D’Assas voulut protester…

La voix de Louis XV, d’abord tremblante d’une sorte d’indignation concentrée, avait de plus en plus élevé son diapason. Et elle éclata, furieuse, lorsqu’il acheva par ces mots:

– Vous et Mme d’Étioles, vous vous êtes trompés: on ne se joue pas impunément du roi de France! Et vous allez vous en apercevoir tous les deux… vous d’abord, elle ensuite!… Holà!…

À ce cri, deux portes s’ouvrirent.

D’Assas effaré, épouvanté de ce qu’il comprenait, vit des gardes à chacune d’elles.

Avant qu’il eût pu faire un geste, prononcer un mot, le roi avait tourné le dos et s’était élancé dans sa chambre.

À la place du roi, le chevalier aperçut devant lui le capitaine des gardes qui, très poliment, lui disait:

– Veuillez me remettre votre épée, monsieur…

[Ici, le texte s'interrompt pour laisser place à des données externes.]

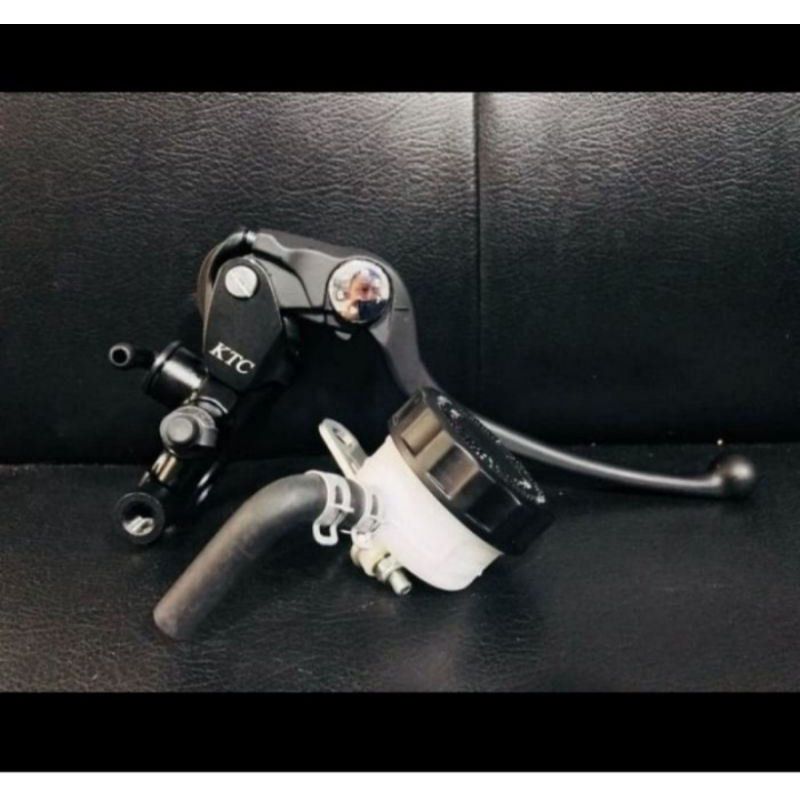 master rem ktc kytaco 5NB big radial 17.5mm full cnc motor universal ninja 150 old,r25,ninja 250 old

Alors une sorte de rugissement monta aux lèvres de d’Assas. Une minute, une sorte de coup de folie envahit son cerveau. La pensée lui vint de résister, de se faire tuer sur place…

Tout serait ainsi fini!…

L’idée de se disculper, et surtout de disculper Jeanne, de la sauver de l’effrayant péril qu’il entrevoyait pour elle, le retint seule.

Il tira lentement son épée et la remit au capitaine qui la prit, en disant:

– Veuillez me suivre, chevalier.

Quelques gardes, aussitôt, entourèrent d’Assas.

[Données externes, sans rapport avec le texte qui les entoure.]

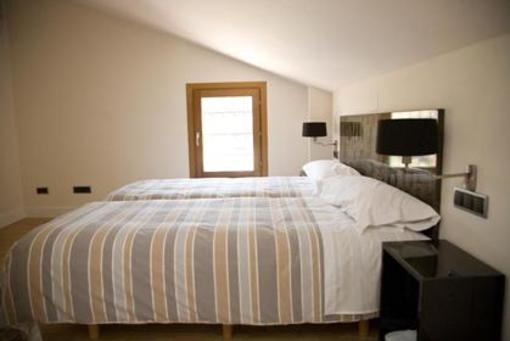 фото отеля Alizaque Lodge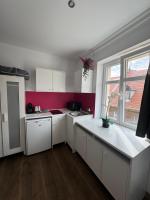 Apartamento Estudio - Plateado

La petite troupe se mit en marche le capitaine en tête.

On longea de longs couloirs on monta des escaliers; finalement, une porte s’ouvrit, d’Assas entra et vit une chambre assez grande et convenablement meublée…

Seulement, à l’unique fenêtre de cette chambre, située au troisième étage, il y avait d’épais barreaux…

Cette chambre était une prison du château…

D’Assas entendit la porte se refermer, les forts verrous extérieurs glisser sans trop de bruit, en verrous bien élevés, et surtout bien huilés…

Pour la deuxième fois, il était prisonnier!

Et cette fois, sans aucun doute, nul n’aurait aucun intérêt à le tirer de prison!

Et cette fois, plus que jamais il avait besoin de la liberté pour protéger Jeanne, la sauver au besoin!